Veröffentlicht: 25.12.2024

Wir sind in Argentinien und haben unsere erste Woche in Buenos Aires verbracht. Eine wunderschöne Stadt voller Widersprüche. Auch wenn viel vor Kriminalität gewarnt wurde haben wir uns nie unsicher gefühlt, und das Wetter war auch durchgehend fantastisch.

Natürlich haben wir uns viele der Sehenswürdigkeiten reingezogen, wie den Plaza de Mayo, Casa Rosada, Tetatro Colon und wir waren auch in ein paar Museen (Museo de Arte Latinoamericano und Museo Nacional de Bellas Artes sind zu empfehlen).

Aber man kann sich auch einfach treiben lassen, durch die Straßen wandern und wunderschöne Gebäude aus Ende des 19./Anfang des 20. Jahrhunderts (in sehr unterschiedlichen Renovierungszuständen), moderne Hochhäuser oder billig hochgezogene Wohnblöcke bewundern. Aber nicht zu verträumt nach oben blicken, denn die Bürgersteige sind an sehr vielen Stellen übel abgesackt und mit unzähligen Hundehaufen-Tretminen gespickt. Überall wird gebaut, verladen und gewuselt. Es gibt ein Meer von Geschäften und scheinbar sind alle im Kaufrausch. Es gibt viele Parks, in denen die Leute entspannen und Matetee süppeln.

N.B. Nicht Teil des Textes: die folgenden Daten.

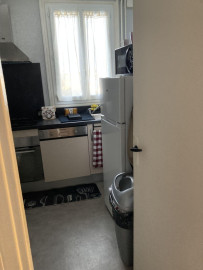 
                                                                                        Location
                                                                                         Appartement très tranquille quartier commissariat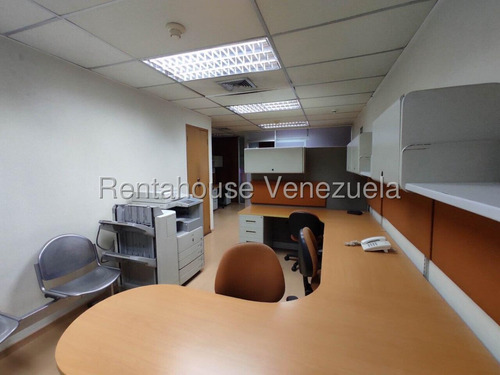 ¡¡excelente Oficina Muy Bien Distribuida Ubicada En Una Torre Emblemática En Esplendida Y Accesible Ubicación!! - El Rosal - Ana Teixeira - Mls #25-18630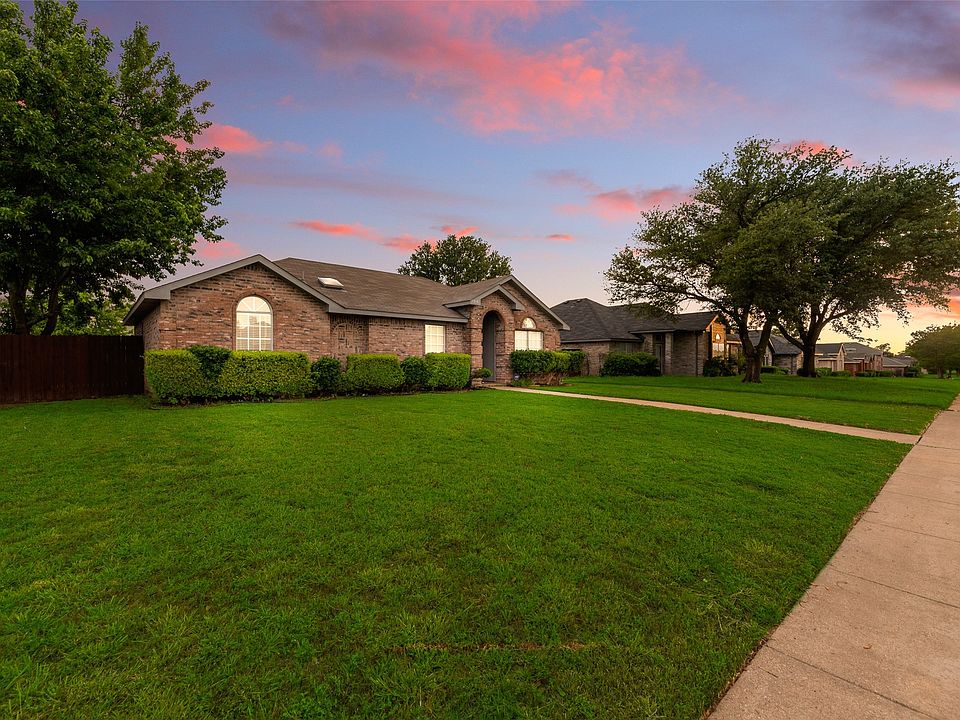 1st image of 1318 Meadow Creek Dr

Besonders war für uns der Besuch des Cementerio de la Chacarita, des größten aktiven Friedhofs von Buenos Aires. Bei uns undenkbar, gibt es parkhausähnliche Gebäude für Tote, in denen du mit Aufzügen in unterschiedlichen Etagen fahren kannst, wo wiederum unzählige Reihen  mit Grabfächern zu finden sind (wohl die Low-Budget-Version). Die stattlichen Mausoleen der Reichen hingegen waren über die Jahrzehnte nicht sicher vor Verfall, Plünderung und Zerstörung. Da findet sich schon der ein oder andere geöffnete Sarg - zusammen mit dem süßlichen Leichengeruch, der aus den Lüftungsschächten empor steigt und die Nase über Stunden nicht verlassen will, echt morbide!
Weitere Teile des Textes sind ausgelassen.